MATERIAL FOR THE TASK →
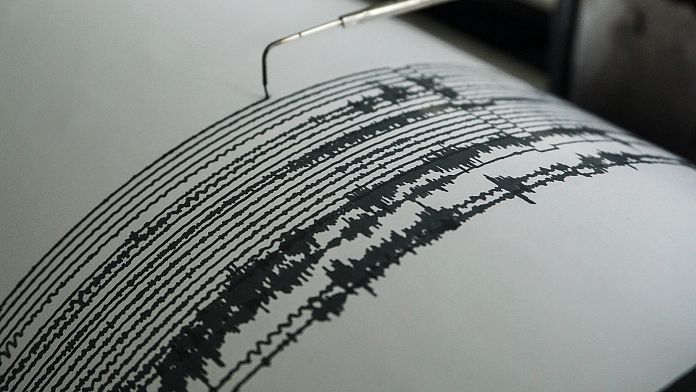 6,9 büyüklüğündeki depremin ardından Japonya’da tsunami uyarısı verildi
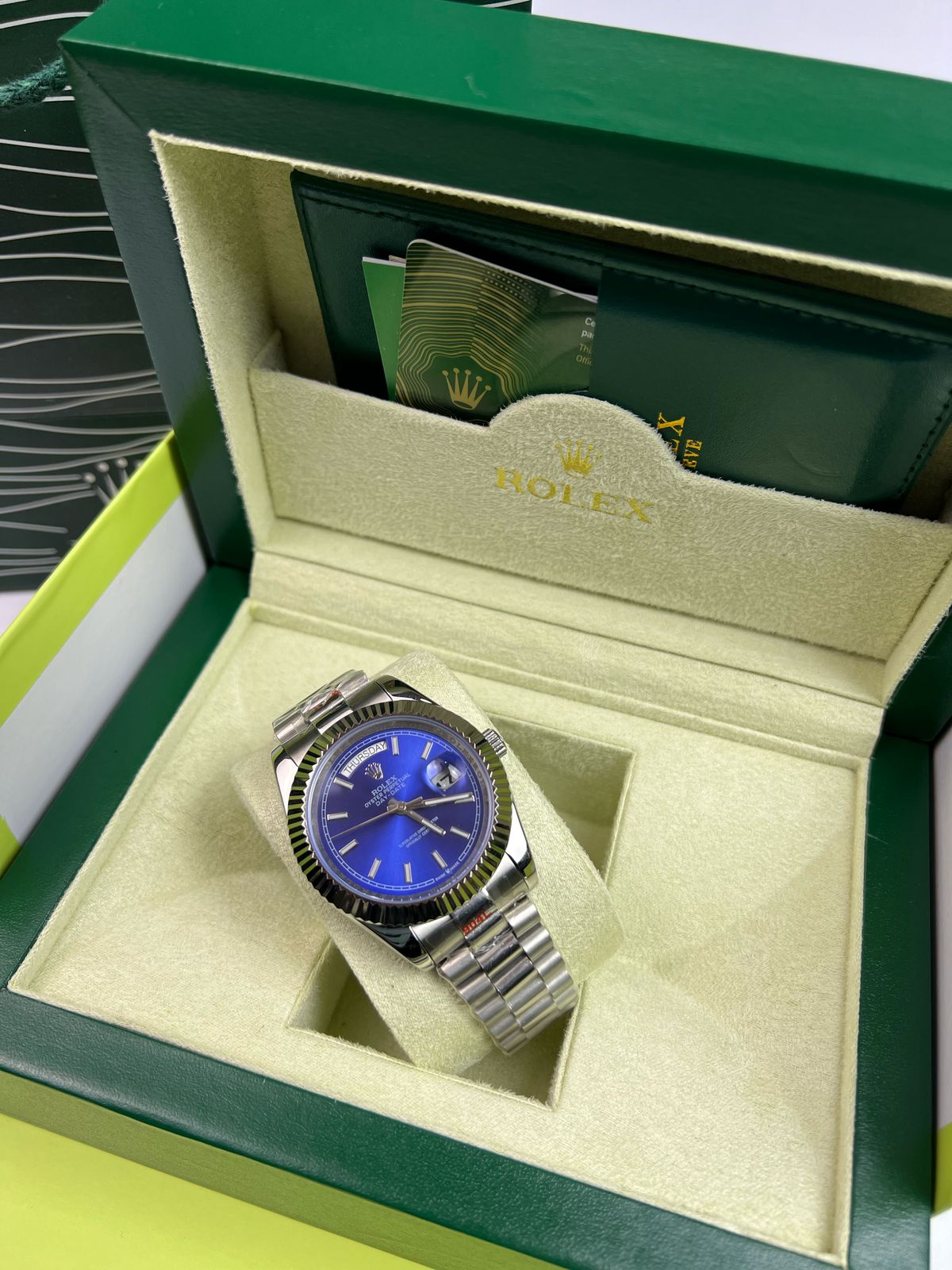 Rolex Day-Date 40 Blue Dial montre prestigieuse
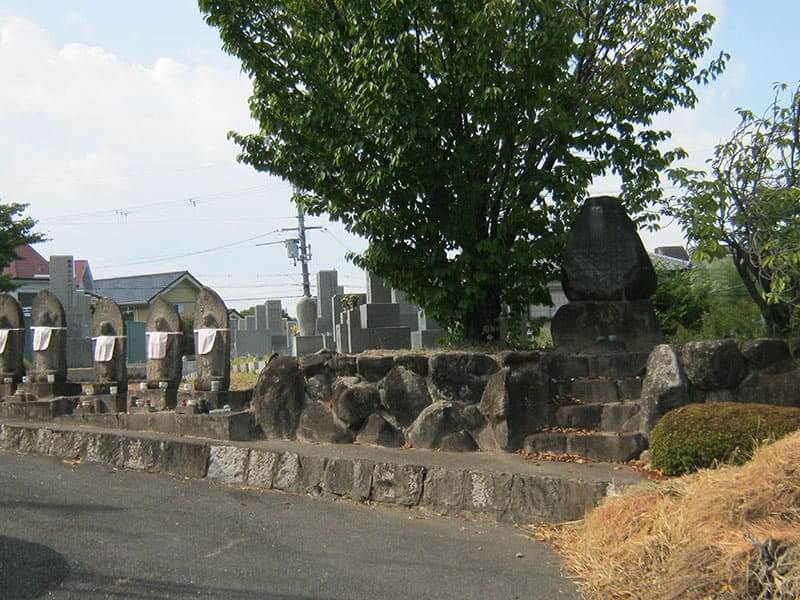 七条町南山墓地の地蔵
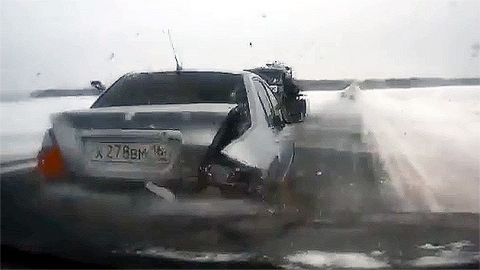 러시아판 보험사기?…절묘하게 끼어들어 '꽝'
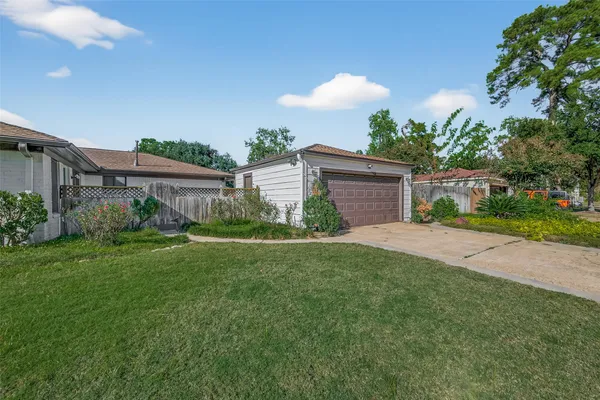 $2,100 | 17418 Largs Circle, Spring, TX 77379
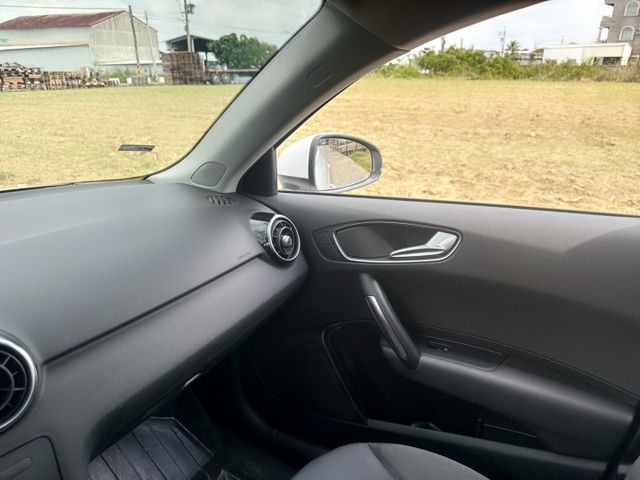 一手車~低里程~剛完成定保~國產價格買進口五門掀背小車~動力充足~停車便利~省油省稅金~  第9張相片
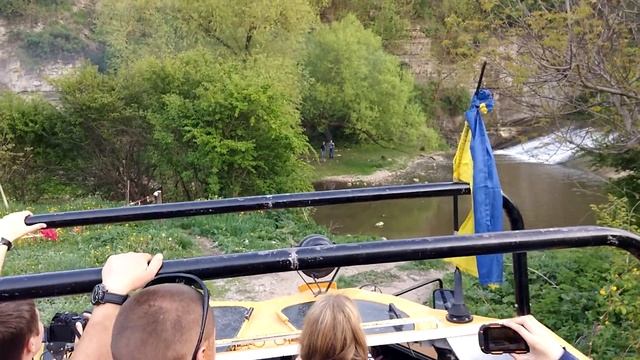 Yellow BRDM #1 смотреть онлайн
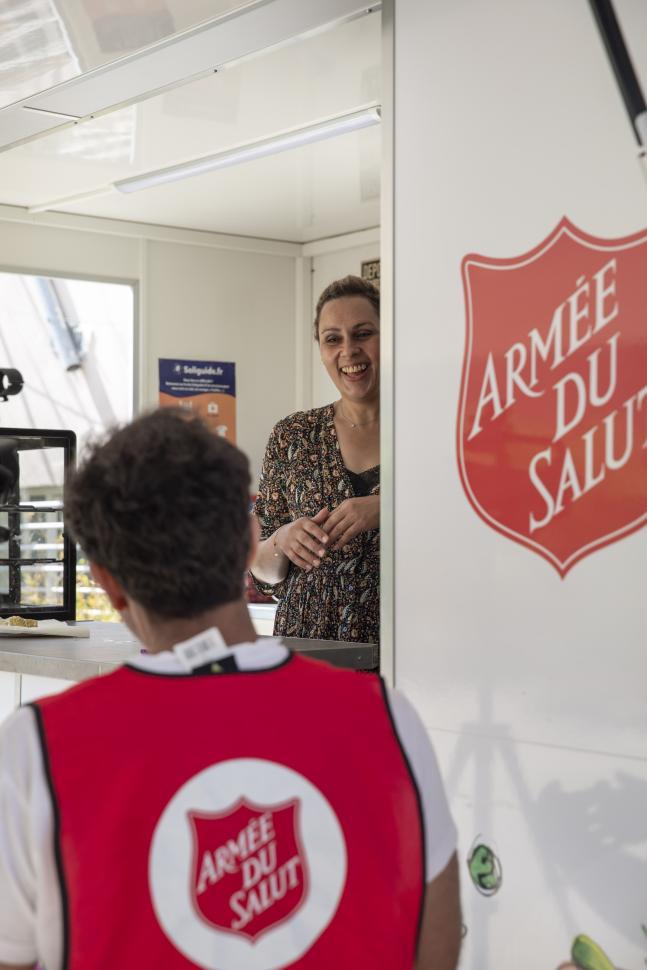 Découvrez comment Linda à retrouver un emploi grâce à l'Armée du Salut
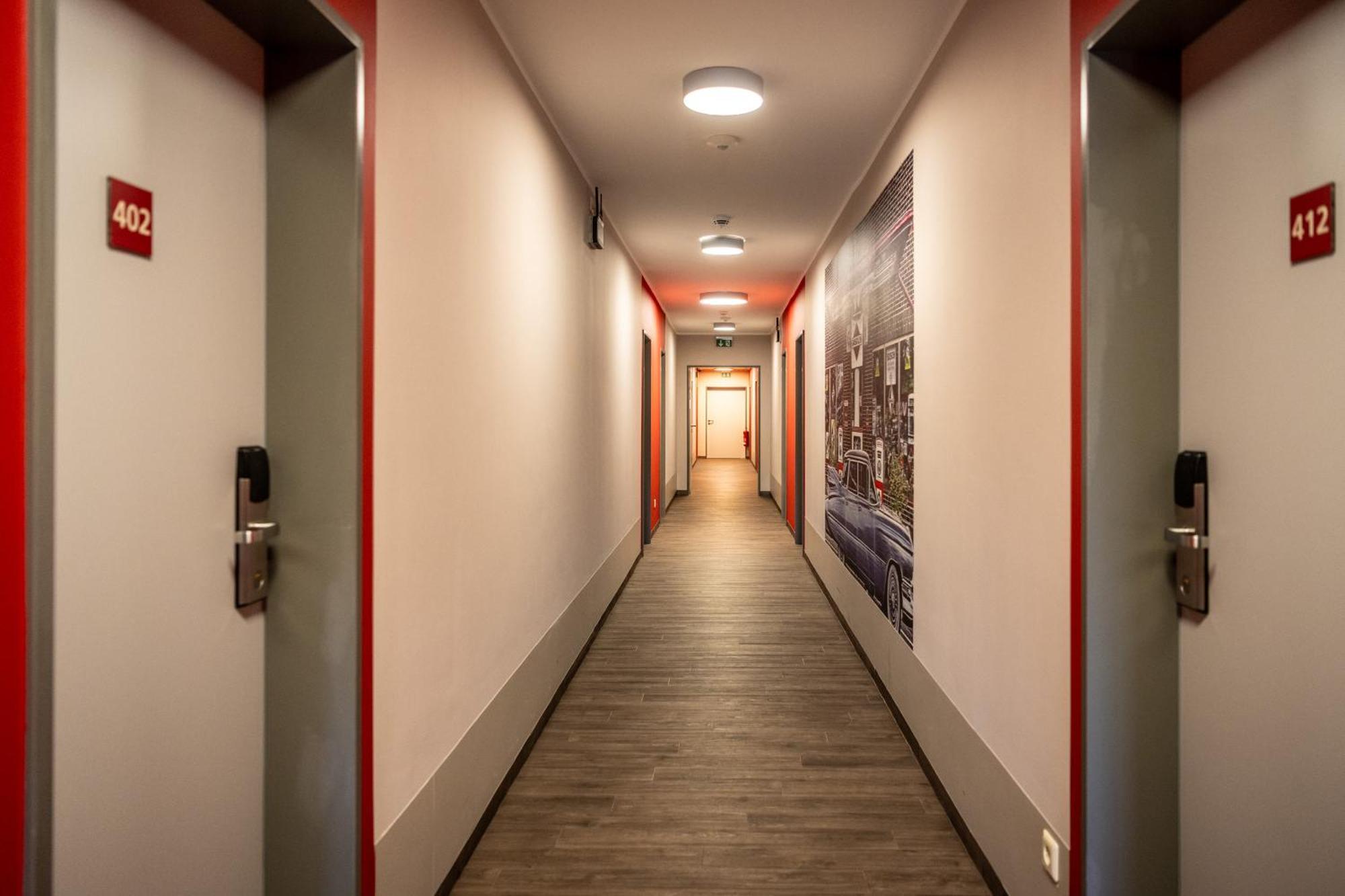 Serways Hotel Feucht Ost Exterior foto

AIM OF THE TASK →
Output must match the lines from the start of the records above through the line that contains "Yellow BRDM #1 смотреть онлайн", exactly and with every picture removed.

RESULT →
 6,9 büyüklüğündeki depremin ardından Japonya’da tsunami uyarısı verildi
 Rolex Day-Date 40 Blue Dial montre prestigieuse
 七条町南山墓地の地蔵
 러시아판 보험사기?…절묘하게 끼어들어 '꽝'
 $2,100 | 17418 Largs Circle, Spring, TX 77379
 一手車~低里程~剛完成定保~國產價格買進口五門掀背小車~動力充足~停車便利~省油省稅金~  第9張相片
 Yellow BRDM #1 смотреть онлайн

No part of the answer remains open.